No one yet knows why the lawyer was killed. But his work put him at loggerheads with some powerful people: not only former military president Pervez Musharraf, currently under house arrest on charges that he failed to provide Bhutto with adequate security, but the Islamist group Lashkar-e-Taiba, blamed for India's 2008 Mumbai attacks. Before his death, Zulfiqar was believed to be close to submitting final evidence against seven of the group's members. What happens in those cases without their chief prosecutor is yet to be seen.
Five hundred and one. That's where's the death toll stands in Bangladesh, a week and a half after a multi-story factory building collapsed on the outskirts of Dhaka with thousands of workers inside. The disaster now has the grim title of the world's most deadly structural failure of modern times.
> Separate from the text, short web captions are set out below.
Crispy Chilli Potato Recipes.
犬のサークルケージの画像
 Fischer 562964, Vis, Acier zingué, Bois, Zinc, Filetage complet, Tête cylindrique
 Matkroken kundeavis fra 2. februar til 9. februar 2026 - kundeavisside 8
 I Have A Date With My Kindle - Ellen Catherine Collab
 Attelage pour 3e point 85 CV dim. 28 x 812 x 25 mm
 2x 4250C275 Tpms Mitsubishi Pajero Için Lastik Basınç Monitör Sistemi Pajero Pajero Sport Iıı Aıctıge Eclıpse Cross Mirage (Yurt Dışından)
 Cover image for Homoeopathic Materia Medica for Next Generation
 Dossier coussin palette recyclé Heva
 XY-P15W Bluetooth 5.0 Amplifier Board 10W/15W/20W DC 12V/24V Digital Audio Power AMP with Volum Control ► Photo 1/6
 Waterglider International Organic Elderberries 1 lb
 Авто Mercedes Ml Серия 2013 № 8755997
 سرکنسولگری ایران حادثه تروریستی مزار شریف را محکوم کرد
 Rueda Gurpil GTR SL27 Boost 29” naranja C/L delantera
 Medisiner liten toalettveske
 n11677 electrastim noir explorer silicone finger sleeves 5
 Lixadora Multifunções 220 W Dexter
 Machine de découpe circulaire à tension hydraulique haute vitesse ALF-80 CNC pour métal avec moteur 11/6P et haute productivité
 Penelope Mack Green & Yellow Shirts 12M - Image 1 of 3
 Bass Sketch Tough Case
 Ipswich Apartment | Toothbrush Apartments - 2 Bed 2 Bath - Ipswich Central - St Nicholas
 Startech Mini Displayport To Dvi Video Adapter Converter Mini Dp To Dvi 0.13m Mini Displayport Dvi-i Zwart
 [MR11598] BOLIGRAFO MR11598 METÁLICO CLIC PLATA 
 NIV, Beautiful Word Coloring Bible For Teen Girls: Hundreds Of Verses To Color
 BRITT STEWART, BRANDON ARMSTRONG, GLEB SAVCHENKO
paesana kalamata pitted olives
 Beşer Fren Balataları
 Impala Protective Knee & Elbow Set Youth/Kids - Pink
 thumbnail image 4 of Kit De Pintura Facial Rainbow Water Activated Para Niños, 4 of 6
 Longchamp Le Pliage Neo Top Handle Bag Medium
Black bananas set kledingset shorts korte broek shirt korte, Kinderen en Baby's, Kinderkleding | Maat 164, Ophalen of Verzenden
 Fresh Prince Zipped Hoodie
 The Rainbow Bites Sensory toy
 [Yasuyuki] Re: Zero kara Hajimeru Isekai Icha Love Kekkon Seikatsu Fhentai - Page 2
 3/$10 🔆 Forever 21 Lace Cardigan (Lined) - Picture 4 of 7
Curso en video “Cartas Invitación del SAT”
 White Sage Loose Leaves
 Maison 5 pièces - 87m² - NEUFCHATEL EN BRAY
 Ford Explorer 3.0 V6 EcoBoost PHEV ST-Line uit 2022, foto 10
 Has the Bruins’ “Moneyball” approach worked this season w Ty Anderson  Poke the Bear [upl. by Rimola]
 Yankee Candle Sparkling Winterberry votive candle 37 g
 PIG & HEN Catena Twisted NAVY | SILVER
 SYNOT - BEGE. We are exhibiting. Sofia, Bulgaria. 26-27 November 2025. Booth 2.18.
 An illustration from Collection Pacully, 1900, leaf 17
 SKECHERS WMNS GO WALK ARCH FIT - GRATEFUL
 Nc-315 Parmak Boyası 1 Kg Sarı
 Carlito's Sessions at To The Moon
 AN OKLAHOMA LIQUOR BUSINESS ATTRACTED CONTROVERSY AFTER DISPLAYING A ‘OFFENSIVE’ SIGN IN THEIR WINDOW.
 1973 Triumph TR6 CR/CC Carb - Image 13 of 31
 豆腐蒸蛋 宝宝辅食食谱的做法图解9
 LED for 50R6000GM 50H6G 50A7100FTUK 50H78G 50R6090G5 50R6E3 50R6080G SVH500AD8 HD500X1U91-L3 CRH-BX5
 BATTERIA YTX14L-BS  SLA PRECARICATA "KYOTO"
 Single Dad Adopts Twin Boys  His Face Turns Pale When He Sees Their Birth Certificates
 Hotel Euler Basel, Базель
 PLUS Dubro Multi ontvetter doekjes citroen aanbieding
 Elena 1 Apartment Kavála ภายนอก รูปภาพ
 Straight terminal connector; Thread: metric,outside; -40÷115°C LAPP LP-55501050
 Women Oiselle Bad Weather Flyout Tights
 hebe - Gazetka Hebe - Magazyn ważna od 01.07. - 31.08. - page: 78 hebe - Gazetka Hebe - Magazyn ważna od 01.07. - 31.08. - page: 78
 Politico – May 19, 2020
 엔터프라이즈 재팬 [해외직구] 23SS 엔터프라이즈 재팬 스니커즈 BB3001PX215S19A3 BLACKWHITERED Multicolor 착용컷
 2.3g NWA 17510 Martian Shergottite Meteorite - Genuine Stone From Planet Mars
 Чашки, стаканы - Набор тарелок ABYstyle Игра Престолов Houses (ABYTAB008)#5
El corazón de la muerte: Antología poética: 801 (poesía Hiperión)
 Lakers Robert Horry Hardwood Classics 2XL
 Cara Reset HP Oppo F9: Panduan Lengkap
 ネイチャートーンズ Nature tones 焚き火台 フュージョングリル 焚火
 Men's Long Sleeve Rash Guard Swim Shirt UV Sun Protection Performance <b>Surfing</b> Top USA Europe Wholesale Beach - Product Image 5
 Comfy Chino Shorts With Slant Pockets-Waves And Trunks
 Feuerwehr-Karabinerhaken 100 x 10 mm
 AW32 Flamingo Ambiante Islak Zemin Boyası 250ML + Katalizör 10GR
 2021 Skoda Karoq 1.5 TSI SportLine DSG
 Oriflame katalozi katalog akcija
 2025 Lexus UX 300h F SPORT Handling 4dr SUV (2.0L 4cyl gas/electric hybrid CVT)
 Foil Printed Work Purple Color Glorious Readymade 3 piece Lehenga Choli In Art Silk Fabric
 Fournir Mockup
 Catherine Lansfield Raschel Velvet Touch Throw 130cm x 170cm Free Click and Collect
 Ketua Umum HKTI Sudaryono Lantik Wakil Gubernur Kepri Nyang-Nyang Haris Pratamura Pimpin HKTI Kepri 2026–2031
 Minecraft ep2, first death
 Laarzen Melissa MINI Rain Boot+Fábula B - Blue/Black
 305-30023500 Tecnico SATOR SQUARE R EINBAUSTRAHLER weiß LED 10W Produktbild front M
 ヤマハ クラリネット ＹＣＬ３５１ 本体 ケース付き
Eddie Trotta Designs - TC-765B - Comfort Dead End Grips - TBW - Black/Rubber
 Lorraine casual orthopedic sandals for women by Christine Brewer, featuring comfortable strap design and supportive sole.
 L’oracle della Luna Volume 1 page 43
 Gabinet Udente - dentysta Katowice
Nine people have been arrested, most recently an engineer who swears blind he warned the building was unsafe. Labor activists say there are many more culprits, not least the Western retailers who bought cheap clothes at what would turn out to be a very high price.
WANT TO KNOW
The Independence Day bombings that weren't. The bombs that killed three and wounded hundreds at the Boston Marathon were originally intended for another of the city's biggest celebrations, according to police: the 4th of July.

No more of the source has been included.